Ela declarou apoio público a Girão — apresentando-o como alternativa da direita cearense — e rejeitou o apoio a Ciro: “fazer aliança com quem é contra nossos valores não dá”, disse. A declaração provocou desconforto interno e expôs forte divisão entre bolsonaristas e setores favoráveis à aproximação com Ciro no estado.
Do lado oposto, o presidente estadual do PL, deputado federal André Fernandes (PL-CE), rebateu a fala de Michelle afirmando que a articulação com Ciro teria sido feita com conhecimento e aval prévio do ex-presidente. Ele defende que a aliança visava montar uma candidatura de peso no Ceará capaz de disputar contra o PT em 2026.

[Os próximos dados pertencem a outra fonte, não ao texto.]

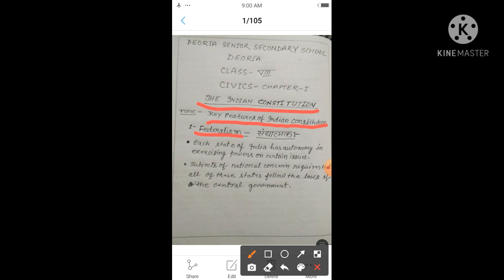To better understand this, we have to look at the levels of government in India. There are three levels of government in India. First is the union government, second is the state government — union government is also called central government — and third is local government.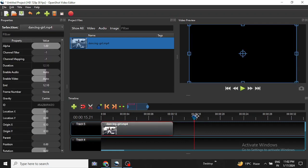In this video I am going to show you how to do slow motion, or slow down or speed up a video clip with OpenShot video editor. Slowing down or speeding up a complete video clip is very easy.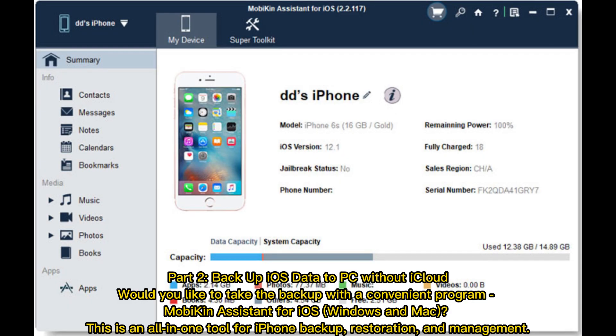Part 2: Backup iOS data to PC without iCloud. Would you like to take the backup with a convenient program? Mobikin Assistant for iOS, available for Windows and Mac.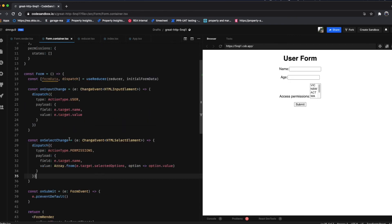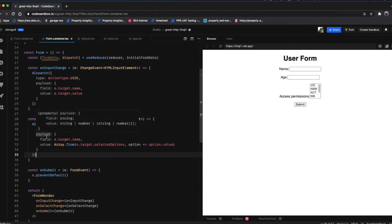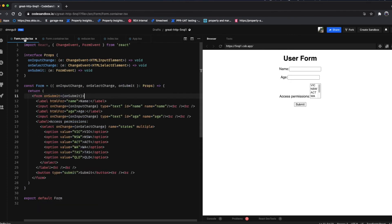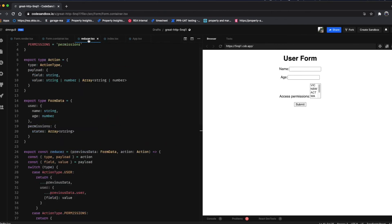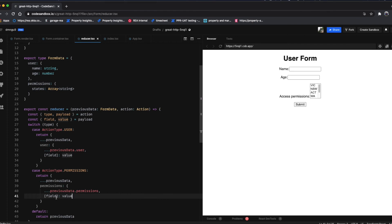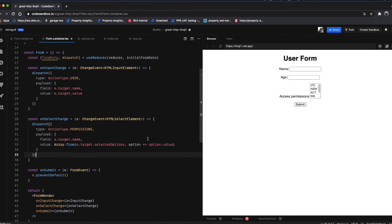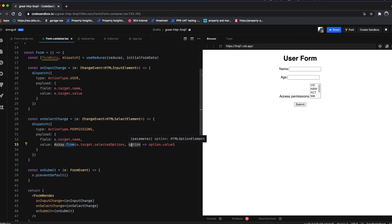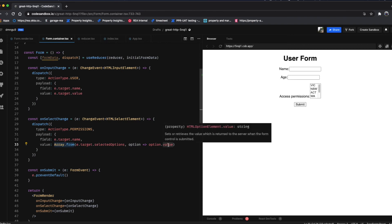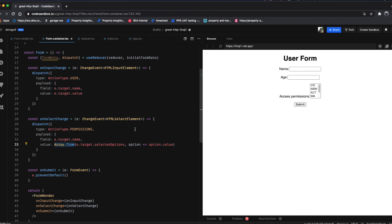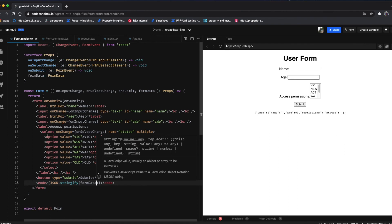For onSelectChange, we dispatch a permissions action type. The field is just the target name, which corresponds to the name on the select tag and the state key in the permissions section of the reducer. Because this is a multi-select, we need to convert all selected option values into an array — I use Array.from and get the value out of each selected option.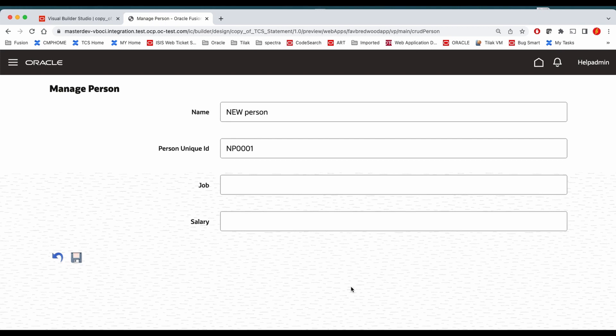Hey, this is Tilak. Welcome back to our VBCS tutorial. This is the continuation of our previous tutorial. In the previous tutorial, we tried to edit manually — we created a page which does the edit functionality manually. We came up to the position where it can display the value. Now in this session, we will continue with that to save the value, and we'll also see how we can call the button at the row level.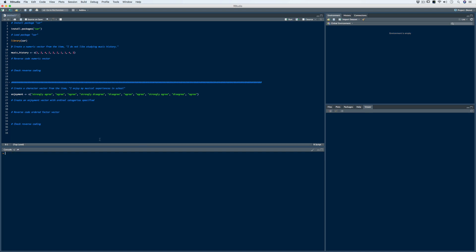Let's say we distribute a survey to undergraduate music students, and one item reads: 'Do not like studying music history.' We asked 10 students to respond, with one being strongly disagree, two being disagree, three being agree, and four being strongly agree. Because this item has a negative connotation — 'do not like' — we're going to reverse code it. I've created an object called music_history with a vector of the 10 responses and run the code. Now we have a numeric vector with 10 responses of either one, two, three, or four.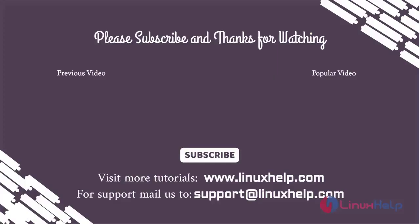Thank you for watching this video. If you like it, please subscribe to our channel. To learn more tutorials, stay tuned to www.linuxhelp.com. If you have any queries, mail us to support@linuxhelp.com.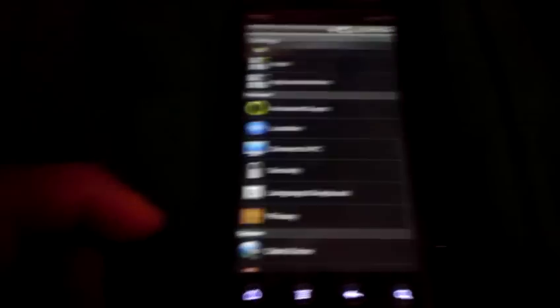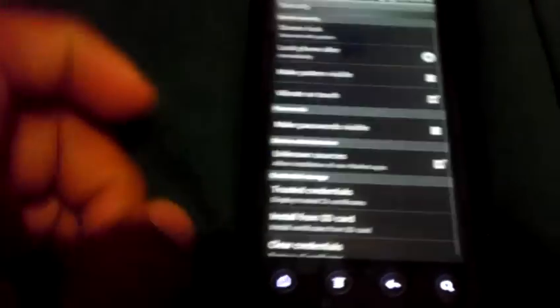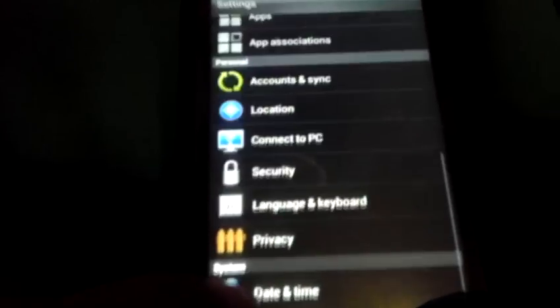So the first thing you want to do is go to your Settings, then go to Security and make sure Unknown Sources is checked. If it isn't under Security, check under Applications and it should be there.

O episódio marca um novo racha na direita cearense: de um lado, bolsonaristas alinhados a Michelle defendendo unidade em torno de Girão; do outro, uma ala aberta à rearticulação com Ciro, entendendo que a coligação pode reforçar competitividade eleitoral. A divisão preocupa, porque pode fragmentar o voto conservador e beneficiar o atual governo estadual nas próximas eleições.
Além de tensionar o PL local, a polêmica reflete disputas internas sobre estratégia eleitoral, identidade da direita e cálculo de apoio no Nordeste — com potenciais impactos no tabuleiro nacional em 2026.